Composé de milliards de microalgues (phytoplancton) et de microanimaux (zooplancton) invisibles à l'oeil nu, mais pullulant à la surface des mers et océans, il est un acteur essentiel et pourtant méconnu du cycle du carbone - et ainsi de la régulation du climat – mais aussi de la production d’oxygène et de la conservation de la biodiversité.
Comprendre pour préserver
Enfin, le troisième volet vise à sensibiliser le grand public. À chaque étape sont prévus la tenue de stands, l’organisation de conférences, la visite de classes, des publications sur les réseaux sociaux, des ateliers pédagogiques, etc. De plus, toutes les données du projet seront proposées en open source afin de privilégier l’accessibilité et le partage des connaissances. «Car on préserve ce que l'on comprend!», commente Andréa Montant. Un autre aspect important pour l’équipe est son «engagement par l’émerveillement», c’est-à-dire transmettre également la beauté, la richesse et la part de mystère de ces milieux, notamment grâce à l’utilisation de supports artistiques et éducatifs.
Soutenue et conseillée par plusieurs organismes et associations*, Sailowtech cherche également des fonds.

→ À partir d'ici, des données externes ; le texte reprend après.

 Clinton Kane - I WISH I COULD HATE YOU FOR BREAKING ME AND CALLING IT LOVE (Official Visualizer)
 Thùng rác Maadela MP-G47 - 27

C’est pourquoi une campagne de financement participatif a été ouverte, que l’on peut soutenir en visitant le site de l’association: https://sailowtech.ch/. On y trouve également de nombreuses informations sur les différents pans du projet, la science océanique, le bateau, l’équipe. L’occasion de voyager un peu en avance avec elle…
*Soutiens: EPFL, Ocean Trotter, Plankton planet, LUC voile, Escale formation technique (EFT), GenoRobotics.We Explore, Low Tech Lab, Under The Pole, Plastic Odyssey, Sail The world, Fondation Tara Océan, Astrolabe Expeditions, Reseacle, TriMousse, Ré'Alizés, Fondation Pacifique.
Infos et contact: [email protected]
L’initiative pédagogique MAKE:
La partie du projet Sailowtech consacrée à la contribution à la recherche océanique et la réalisation de technologies plus respectueuses de l’environnement est l’un des projets interdisciplinaires soutenus par l'EPFL dans le cadre de l'initiative pédagogique MAKE.
Son objectif est de fournir aux étudiantes et étudiants les ressources nécessaires à la mise en œuvre de projets interdisciplinaires, menés individuellement ou en équipe. Cette immersion très pratique et concrète permet de renforcer les apprentissages, de développer des savoir-faire, de gagner en autonomie, d’apprendre à collaborer et à communiquer, d’acquérir des compétences transversales et en gestion de projet, tout en mobilisant et en appliquant les connaissances acquises au travers de leur cursus.
Autant d’ingrédients indispensables, tant pour leur réussite académique que pour leur entrée dans la vie professionnelle.